L’ “ukiyoe” nell’arte e nella società giapponese

Cominciamo dalla tecnica, il primo elemento caratteristico dell’arte orientale e giapponese in particolare, si tratta della “ukiyoe”, sono stampe artistiche su carta  da matrici di legno incise da intagliatori provetti sulla base dei disegni dei maestri pittori, matrici sfruttate in multipli di centinaia di pezzi fino alla consunzione, con la possibilità di modificare i colori anche limitandoli per motivi economici.

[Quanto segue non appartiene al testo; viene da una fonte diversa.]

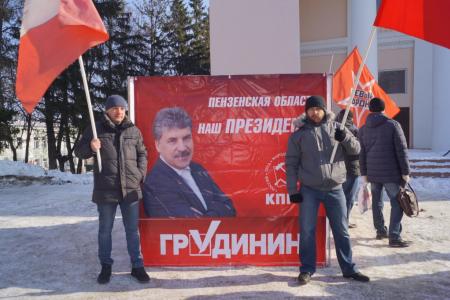Пензенские коммунисты отметили 23 февраля митингом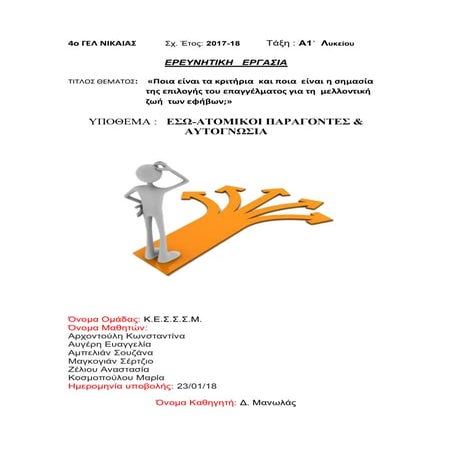 4ο ΓΕΛ ΝΙΚΑΙΑΣ 2017-18, Ερευνητική Εργασία : «Ποια είναι τα κριτήρια και ποια είναι η σημασία της επιλογής του επαγγέλματος για τη μελλοντική ζωή των εφήβων;»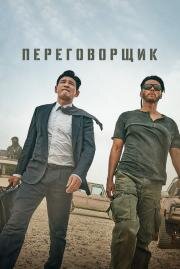 Переговорщик (Gyoseob (The Point Men)) 2023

Anche in occidente alcuni tipi di opere d’arte sono state frutto di collaborazione tra l’artista e  coloro che traducevano materialmente la sua creazione utilizzando materiali come l’argento e altro, nell’ “ukiyoe” oltre all’artista, l’intagliatore e lo stampatore c’era l’editore che si occupava della parte economica e della vendita sul mercato, per questo aveva voce in capitolo anche in alcune scelte come la forma e la dimensione dell’opera. L’intagliatore aveva un ruolo importante in quanto la resa della creazione artistica dipendeva anche dalla sua abilità nel tradurla in incisioni sul legno della matrice; altrettanto lo stampatore che per ognuna passava i colori indicati dall’artista con l‘abilità di renderne le sfumature differenziando in modo appropriato la pressione della matrice a secco sul foglio. .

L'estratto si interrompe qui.